SU Hongsheng, YIN Kaile   

  1. School of Automation and Electrical Engineering, Lanzhou Jiaotong University, Lanzhou 730070, China
  • Online:2016-12-15 Published:2016-12-20

基于Nelder-mead单纯形法的改进人工蜂群算法研究

苏宏升,殷凯乐   

  1. 兰州交通大学 自动化与电气工程学院,兰州 730070

Abstract: Considering that the existing Artificial Bee Colony(ABC) can not pay simultaneous attention to evolution speed and solution quality, a Nelder-Mead Simplex Method based Improved Artificial Bee Colony(NMSM-IABC) is proposed in this paper.
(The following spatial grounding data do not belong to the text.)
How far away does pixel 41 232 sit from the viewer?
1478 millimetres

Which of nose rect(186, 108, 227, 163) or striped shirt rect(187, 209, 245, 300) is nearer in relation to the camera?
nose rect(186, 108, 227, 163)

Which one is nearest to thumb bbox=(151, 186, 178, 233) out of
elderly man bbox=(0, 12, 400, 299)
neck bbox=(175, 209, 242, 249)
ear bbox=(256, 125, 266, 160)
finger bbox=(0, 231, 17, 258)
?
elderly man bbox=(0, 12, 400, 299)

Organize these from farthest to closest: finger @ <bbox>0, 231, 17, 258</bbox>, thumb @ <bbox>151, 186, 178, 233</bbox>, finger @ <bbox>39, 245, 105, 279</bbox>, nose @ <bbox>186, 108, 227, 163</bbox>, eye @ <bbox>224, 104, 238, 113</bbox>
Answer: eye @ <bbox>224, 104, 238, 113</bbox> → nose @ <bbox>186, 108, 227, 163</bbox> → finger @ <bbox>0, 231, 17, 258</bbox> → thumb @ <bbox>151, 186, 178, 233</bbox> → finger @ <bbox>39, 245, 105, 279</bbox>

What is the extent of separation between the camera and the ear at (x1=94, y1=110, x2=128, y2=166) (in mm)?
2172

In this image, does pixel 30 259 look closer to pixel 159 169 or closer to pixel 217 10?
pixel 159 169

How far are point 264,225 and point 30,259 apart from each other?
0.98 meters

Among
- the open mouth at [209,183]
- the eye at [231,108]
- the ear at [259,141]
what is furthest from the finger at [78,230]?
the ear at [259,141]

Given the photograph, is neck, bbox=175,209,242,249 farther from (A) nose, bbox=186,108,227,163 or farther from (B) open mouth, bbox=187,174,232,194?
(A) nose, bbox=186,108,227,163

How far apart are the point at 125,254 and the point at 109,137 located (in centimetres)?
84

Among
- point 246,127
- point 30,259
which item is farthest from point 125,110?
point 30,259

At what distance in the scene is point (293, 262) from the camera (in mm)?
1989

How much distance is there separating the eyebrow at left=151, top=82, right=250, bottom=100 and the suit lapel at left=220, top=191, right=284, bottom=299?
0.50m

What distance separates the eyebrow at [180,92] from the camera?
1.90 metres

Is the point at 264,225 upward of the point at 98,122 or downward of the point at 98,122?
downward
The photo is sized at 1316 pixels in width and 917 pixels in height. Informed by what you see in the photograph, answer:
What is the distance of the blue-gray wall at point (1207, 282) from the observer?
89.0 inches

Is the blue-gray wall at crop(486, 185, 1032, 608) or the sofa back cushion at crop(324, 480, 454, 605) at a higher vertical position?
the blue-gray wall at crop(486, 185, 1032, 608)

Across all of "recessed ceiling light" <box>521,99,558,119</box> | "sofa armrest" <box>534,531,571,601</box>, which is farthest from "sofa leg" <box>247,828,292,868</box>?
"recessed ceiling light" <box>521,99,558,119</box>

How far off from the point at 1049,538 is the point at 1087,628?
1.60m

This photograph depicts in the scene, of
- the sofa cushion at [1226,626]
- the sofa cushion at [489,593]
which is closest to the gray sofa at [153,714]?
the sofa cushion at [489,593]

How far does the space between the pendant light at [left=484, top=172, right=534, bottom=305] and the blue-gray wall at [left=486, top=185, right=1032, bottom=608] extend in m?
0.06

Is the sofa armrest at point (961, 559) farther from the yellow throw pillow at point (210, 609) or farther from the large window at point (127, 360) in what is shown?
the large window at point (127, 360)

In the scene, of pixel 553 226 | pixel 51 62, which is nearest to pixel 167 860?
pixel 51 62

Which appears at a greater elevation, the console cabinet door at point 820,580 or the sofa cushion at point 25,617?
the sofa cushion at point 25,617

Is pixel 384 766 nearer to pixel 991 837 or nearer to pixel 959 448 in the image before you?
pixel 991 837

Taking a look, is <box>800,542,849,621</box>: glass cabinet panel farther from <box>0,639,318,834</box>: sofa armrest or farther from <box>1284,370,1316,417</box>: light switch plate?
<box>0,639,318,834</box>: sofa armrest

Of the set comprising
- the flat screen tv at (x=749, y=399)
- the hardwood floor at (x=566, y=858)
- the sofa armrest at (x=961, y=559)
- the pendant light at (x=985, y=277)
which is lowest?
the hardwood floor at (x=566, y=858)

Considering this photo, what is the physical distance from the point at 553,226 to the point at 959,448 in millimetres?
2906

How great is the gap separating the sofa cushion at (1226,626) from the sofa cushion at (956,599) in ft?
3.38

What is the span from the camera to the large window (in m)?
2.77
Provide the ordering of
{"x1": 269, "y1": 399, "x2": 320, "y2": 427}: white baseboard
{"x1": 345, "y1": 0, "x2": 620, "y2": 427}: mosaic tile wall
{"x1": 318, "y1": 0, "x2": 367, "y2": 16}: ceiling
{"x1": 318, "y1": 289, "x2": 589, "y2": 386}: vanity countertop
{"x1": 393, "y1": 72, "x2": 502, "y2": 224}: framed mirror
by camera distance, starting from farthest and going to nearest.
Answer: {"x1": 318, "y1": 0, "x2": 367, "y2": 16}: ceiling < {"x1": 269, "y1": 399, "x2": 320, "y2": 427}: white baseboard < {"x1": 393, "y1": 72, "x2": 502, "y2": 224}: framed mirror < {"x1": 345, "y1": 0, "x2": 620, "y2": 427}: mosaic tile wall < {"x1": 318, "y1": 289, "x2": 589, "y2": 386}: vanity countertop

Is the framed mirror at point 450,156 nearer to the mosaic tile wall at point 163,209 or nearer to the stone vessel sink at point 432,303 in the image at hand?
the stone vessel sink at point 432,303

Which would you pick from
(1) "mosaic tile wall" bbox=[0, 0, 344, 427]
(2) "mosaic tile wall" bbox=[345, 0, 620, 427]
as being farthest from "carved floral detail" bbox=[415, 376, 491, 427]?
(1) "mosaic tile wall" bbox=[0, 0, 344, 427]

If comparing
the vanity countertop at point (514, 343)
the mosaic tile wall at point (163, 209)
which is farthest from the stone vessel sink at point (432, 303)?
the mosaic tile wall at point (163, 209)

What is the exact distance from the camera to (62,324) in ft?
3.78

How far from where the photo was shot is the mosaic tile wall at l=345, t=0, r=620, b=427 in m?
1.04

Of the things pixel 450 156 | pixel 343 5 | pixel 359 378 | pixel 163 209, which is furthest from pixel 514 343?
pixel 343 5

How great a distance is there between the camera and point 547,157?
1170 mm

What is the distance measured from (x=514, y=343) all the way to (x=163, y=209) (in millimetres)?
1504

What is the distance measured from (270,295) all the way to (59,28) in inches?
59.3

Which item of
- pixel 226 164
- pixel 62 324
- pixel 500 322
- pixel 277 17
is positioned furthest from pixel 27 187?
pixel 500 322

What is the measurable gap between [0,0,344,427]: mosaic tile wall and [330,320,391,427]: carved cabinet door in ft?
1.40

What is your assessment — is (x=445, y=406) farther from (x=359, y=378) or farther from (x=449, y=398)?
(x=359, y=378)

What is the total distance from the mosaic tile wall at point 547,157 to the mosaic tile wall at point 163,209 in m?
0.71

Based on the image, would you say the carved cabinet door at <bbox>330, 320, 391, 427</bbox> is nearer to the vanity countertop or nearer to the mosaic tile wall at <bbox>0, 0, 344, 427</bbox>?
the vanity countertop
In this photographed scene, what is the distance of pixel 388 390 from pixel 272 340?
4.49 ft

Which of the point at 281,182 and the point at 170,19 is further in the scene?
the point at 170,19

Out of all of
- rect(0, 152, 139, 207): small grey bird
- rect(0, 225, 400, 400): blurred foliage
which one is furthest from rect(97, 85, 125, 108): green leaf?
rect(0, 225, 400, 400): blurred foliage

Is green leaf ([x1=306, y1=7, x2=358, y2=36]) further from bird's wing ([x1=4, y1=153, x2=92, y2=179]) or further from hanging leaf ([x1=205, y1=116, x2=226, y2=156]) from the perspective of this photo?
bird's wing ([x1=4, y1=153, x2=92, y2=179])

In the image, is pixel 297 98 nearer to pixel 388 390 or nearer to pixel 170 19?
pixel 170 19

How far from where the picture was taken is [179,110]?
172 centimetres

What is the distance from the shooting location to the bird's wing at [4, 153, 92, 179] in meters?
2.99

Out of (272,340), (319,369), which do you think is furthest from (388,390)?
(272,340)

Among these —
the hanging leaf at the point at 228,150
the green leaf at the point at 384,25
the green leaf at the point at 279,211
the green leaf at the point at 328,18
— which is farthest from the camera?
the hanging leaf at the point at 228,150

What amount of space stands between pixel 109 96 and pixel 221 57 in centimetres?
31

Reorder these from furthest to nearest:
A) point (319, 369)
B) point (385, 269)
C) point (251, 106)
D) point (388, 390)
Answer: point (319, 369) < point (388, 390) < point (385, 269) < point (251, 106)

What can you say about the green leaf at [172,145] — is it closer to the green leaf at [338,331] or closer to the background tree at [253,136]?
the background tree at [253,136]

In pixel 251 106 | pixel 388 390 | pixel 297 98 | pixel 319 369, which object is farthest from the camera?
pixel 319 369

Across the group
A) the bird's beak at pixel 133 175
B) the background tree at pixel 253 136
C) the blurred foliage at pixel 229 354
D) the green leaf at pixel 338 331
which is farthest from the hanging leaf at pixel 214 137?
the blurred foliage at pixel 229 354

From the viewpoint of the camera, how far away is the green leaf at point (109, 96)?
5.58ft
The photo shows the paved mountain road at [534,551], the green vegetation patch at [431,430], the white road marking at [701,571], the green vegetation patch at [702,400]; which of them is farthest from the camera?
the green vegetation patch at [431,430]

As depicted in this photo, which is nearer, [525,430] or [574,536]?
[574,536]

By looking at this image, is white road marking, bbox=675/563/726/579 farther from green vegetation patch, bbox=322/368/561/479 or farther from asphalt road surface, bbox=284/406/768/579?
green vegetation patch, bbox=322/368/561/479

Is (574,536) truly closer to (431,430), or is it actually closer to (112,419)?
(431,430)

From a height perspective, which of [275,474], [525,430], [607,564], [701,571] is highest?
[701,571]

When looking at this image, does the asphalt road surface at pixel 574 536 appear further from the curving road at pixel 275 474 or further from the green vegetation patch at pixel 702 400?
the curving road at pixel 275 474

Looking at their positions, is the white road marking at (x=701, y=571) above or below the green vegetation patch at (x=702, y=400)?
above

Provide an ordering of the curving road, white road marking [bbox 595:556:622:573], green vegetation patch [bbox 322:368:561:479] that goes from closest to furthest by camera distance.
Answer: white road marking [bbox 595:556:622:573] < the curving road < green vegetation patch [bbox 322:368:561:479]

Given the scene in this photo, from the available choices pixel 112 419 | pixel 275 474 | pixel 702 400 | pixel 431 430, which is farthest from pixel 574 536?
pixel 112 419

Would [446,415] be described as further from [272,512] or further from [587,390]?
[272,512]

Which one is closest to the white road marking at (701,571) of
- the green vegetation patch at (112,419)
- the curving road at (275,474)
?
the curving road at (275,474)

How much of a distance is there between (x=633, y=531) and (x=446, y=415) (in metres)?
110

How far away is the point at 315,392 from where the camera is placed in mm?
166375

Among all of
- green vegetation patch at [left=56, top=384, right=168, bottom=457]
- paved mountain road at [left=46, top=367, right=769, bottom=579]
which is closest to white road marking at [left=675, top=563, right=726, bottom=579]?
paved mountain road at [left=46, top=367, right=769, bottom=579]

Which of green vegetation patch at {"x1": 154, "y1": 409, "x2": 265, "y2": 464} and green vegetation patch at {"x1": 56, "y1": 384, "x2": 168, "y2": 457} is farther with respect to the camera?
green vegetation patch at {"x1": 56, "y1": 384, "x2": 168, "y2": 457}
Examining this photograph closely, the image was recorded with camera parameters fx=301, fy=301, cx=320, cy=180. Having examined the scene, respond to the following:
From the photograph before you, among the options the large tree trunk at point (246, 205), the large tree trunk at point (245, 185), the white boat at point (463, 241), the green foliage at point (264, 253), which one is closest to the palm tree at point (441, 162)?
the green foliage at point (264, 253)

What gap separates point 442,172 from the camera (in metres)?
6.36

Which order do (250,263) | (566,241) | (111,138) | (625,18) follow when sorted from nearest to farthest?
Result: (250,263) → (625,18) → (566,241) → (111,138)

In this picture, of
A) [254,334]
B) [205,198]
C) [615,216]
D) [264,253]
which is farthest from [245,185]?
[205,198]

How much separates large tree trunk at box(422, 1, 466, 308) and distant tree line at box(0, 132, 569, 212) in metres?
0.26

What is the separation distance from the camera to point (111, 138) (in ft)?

In the process of iteration, the algorithm periodically gets the best individual vertex from NMSM operator and migrates to ABC, or obtains the optimal nectar source information from ABC and migrates to NMSM. ABC can improve its local exploiting capability applying NMSM, and NMSM can get away from local minimum by ABC. The algorithm proposed can achieve cooperative search of the ABC and NMSM. Furthermore, in order to enhance the ability or increase the convergence speed of NMSM-IABC, an improved search scheme of onlooker bee is proposed. And the sensitivity analysis of the key parameter is conducted. Finally, numerical experiments and comparisons on six benchmark functions indicate that the proposed algorithm can avoid the local minimum and enhance the global search ability and convergence speed, and is an effective cooperative search algorithm.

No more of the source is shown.